Snow and Reality

I've really been struggling with blogging in recent days. Longing for some great flash of insight, or brilliant inspiration, I have waited -- but I think I've waited long enough.

It snowed last night, and today, the town was quiet under its cold white comforter.

Now, the moon is dazzling and the town has gone from quiet to hushed.

And I'm wandering from my office to the porch, restless and still at the same time.

I think that, since the election, I've been feeling the rising sense of personal revolution. "This is not enough," rings the mantra in my head.

I want to change the world. Really change it.

That's been in me since I was a child, and in some ways, I have impacted the world -- but that's not the kind of change I want to make -- I want radical change -- astounding transformation.

And I don't believe that this is in any way "unrealistic", or "dreamy-eyed", or "naive". I believe that it is possible. I've seen it. I know that it is possible.

I used to go to a weekend retreat ever year at a place called Breitenbush Hot Springs, in Oregon. During that retreat, a group of people, many of whom did not know each other well at all, would come together to celebrate, play, and change. There were no "organized agendas" -- scheduling was intentionally handled like this: If you wanted to offer a workshop or organize an activity, you wrote down on a big sheet of paper in the main hall what you wanted to do, and the approximate time and location where you would do it, and people showed up then and there if they wanted to.

It sounds ridiculously simple, and I wouldn't have expected it to work at all -- but it did -- year after year. And there weren't any great conflicts about it, and it didn't take a ton of planning, and it created an atmosphere where you could be certain that the people involving themselves wanted to be there, which seemed to change everything about the way things went.

We would do this for three days. The relaxation in the faces of those participating was visible, and the organic flow of this huge group of people was amazing.

And then we would all go back to the city, and it would change. We would hunker down into our individual or couple dynamics, into our own isolated lives, and we would forget.

I know that we were capable of living and interacting very differently, because I experienced it -- year after year -- and the greatest question that I had was: "Why would we give that up? Why would we go back to something that we don't like?"

Daniel Quinn addresses this kind of thing rather eloquently in his book "Beyond Civilization" (which I recommend highly, btw), and I've studied on it long and hard -- and written, and thought, and puzzled, and opined -- but now, I'm tired of that. I want something more.

So, I'm going to be posting, in the coming days, about creating a new reality. Because that's what I want to do -- and because I'm out of patience with sitting on my ass and hoping and praying and dreaming that this new reality will somehow just "arrive".

One of the first things I'm going to be thinking and writing about is this: What wakes me up? What brings me back to life?

I noticed that, after the election, my usual impatience with things "political" (which I've written about before) has increased daily -- and I've noticed that the things that feel truly "real" to me have to do with direct human contact, not the shit in the media, and not the arguments about theory -- I was brought abruptly into myself upon hearing that an internet friend was facing a tough diagnosis (someone who I have never met, but who I have the sense of knowing). I was dragged into consciousness by the strangeness of the snow, as interpretted by the cat (who is not my cat), when I opened the side door to let him outside last night, and watched his befuddlement as he gazed out on the first snow of his lifetime. I was drawn into the raw reality of my emotional body when I was moved by the message of a man who shares my desire to change the world, and whose actions harnessed to that intent inspire me to think bigger again.

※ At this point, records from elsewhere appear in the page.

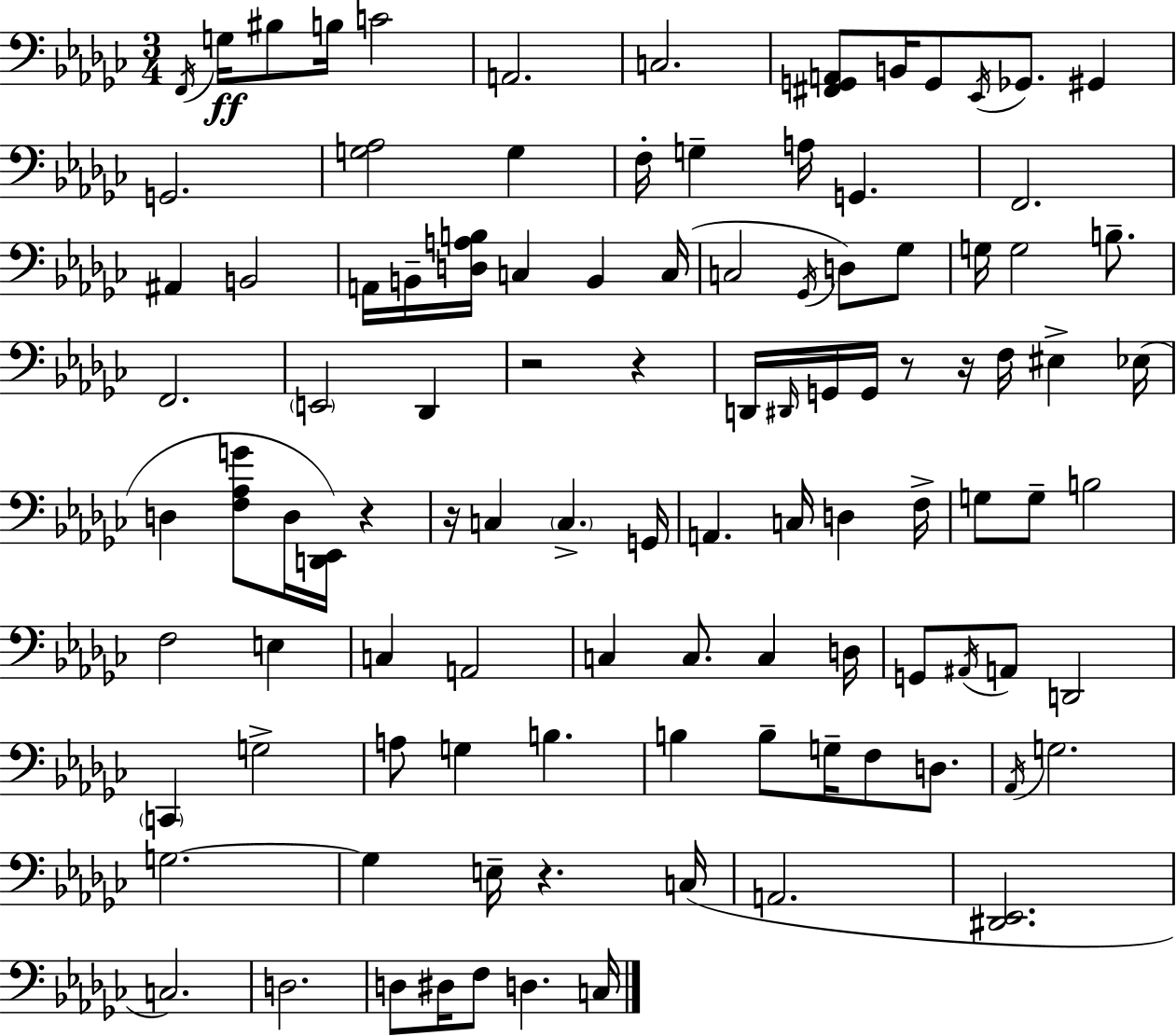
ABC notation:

X:1
T:Untitled
M:3/4
L:1/4
K:Ebm
F,,/4 G,/4 ^B,/2 B,/4 C2 A,,2 C,2 [^F,,G,,A,,]/2 B,,/4 G,,/2 _E,,/4 _G,,/2 ^G,, G,,2 [G,_A,]2 G, F,/4 G, A,/4 G,, F,,2 ^A,, B,,2 A,,/4 B,,/4 [D,A,B,]/4 C, B,, C,/4 C,2 _G,,/4 D,/2 _G,/2 G,/4 G,2 B,/2 F,,2 E,,2 _D,, z2 z D,,/4 ^D,,/4 G,,/4 G,,/4 z/2 z/4 F,/4 ^E, _E,/4 D, [F,_A,G]/2 D,/4 [D,,_E,,]/4 z z/4 C, C, G,,/4 A,, C,/4 D, F,/4 G,/2 G,/2 B,2 F,2 E, C, A,,2 C, C,/2 C, D,/4 G,,/2 ^A,,/4 A,,/2 D,,2 C,, G,2 A,/2 G, B, B, B,/2 G,/4 F,/2 D,/2 _A,,/4 G,2 G,2 G, E,/4 z C,/4 A,,2 [^D,,_E,,]2 C,2 D,2 D,/2 ^D,/4 F,/2 D, C,/4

That's where I've been at.

I don't know about you, but I'm tired of waiting. I believe in the vast potential of humankind. I know that we can create the world I want to live in. I know this. I'm planning to take my focus off all the people who say we can't do it, and put my focus on those who are doing it -- and that will, from this moment on, include me.

Posted byPortlyDyke at 10:44 PM  

1 comments:

Anonymous said... December 16, 2008 at 11:19 AM  

Very good. I have been thinking the same thing. I almost want to wean myself from the news for a few days, because there is nothing positive there, and spend some time trying to figure out ways to help and make a difference in the world. We should have a workshop!